BAB III - 3

9 3 1
                                    

Seiring kami berbincang, aku merasakan sesuatu mengganjal punggungku dari bersandar.

"Ahhh!"

Saat aku menoleh, aku mendapati Raihan sudah berdiri di belakangku menatap kami dengan menahan senyum. Tangan kirinya dia topangkan pada sandaran kursi yang aku duduk. Dan, dengan polosnya dia bertanya "Kenapa?"

"Asem, nanya 'kenapa?' pula. Jantungan aku bos!

"Macam mana kau bisa muncul tanpa suara?" tegurku sedikit kesal karena terkejut.

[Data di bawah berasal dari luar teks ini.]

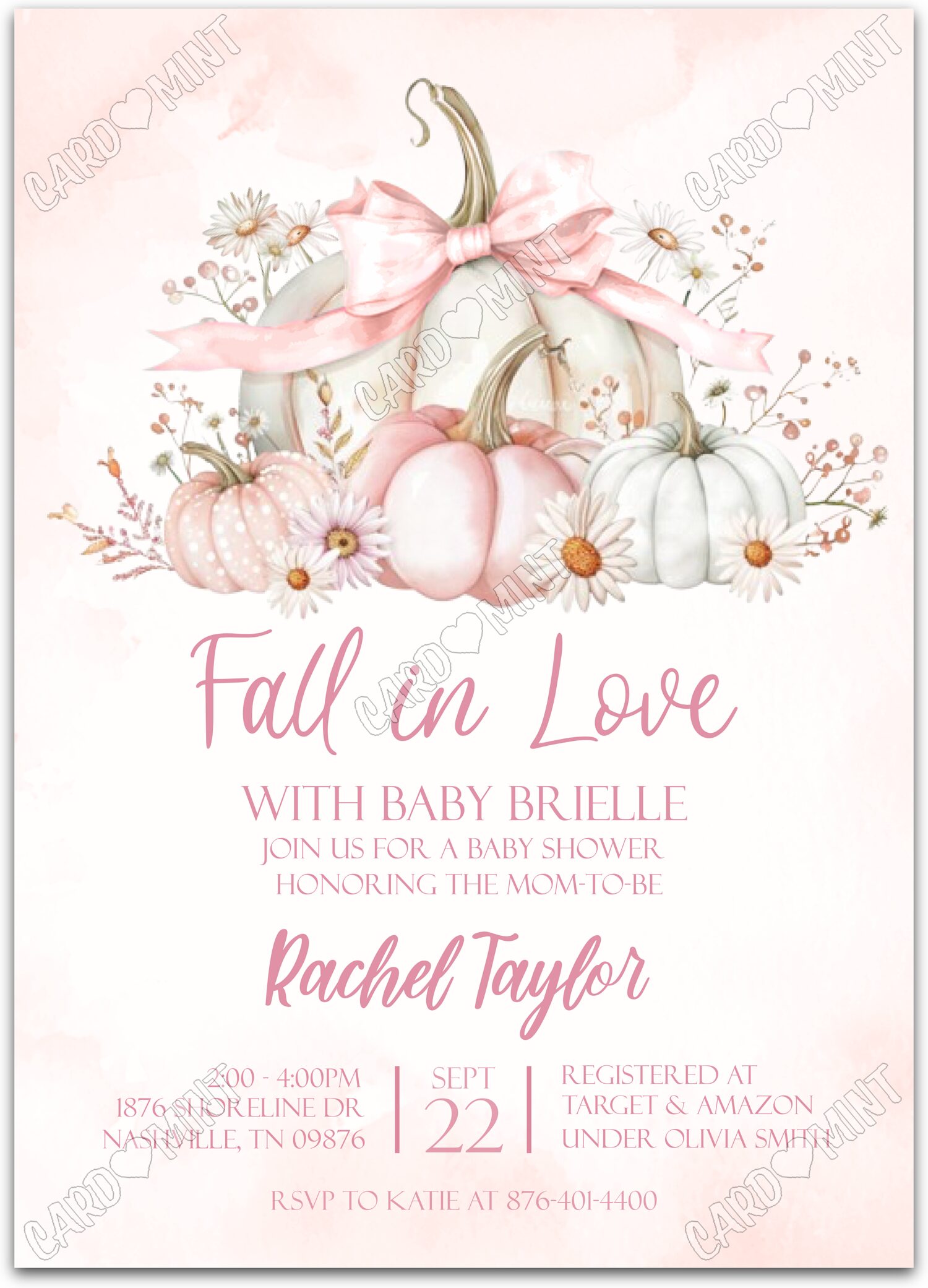 Editable Fall in Love pink white pumpkins, pink bows & daisies girl fall Douche de bébé 5"x7" Invitation EV1460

Dia hanya mengangkat bahu dan menahan senyum.

"Hhhoiiiih ni anak...," ucapku di dalam kepala. Aku ingin kesal kepadanya, namun apa yang bisa aku lakukan. Sudah bahasa tubuh dia untuk bergerak tanpa ada suara.

"Dah sehat?" tanya Raihan kepada Komang.

"Udah Rai, terima kasih.

"Ngomong-ngomong, terima kasih banget ya, Oni, Raihan. Kalian sudah membantu membawa aku ke Klinik Siswa," sampai dia dengan suara lemas kepada kami.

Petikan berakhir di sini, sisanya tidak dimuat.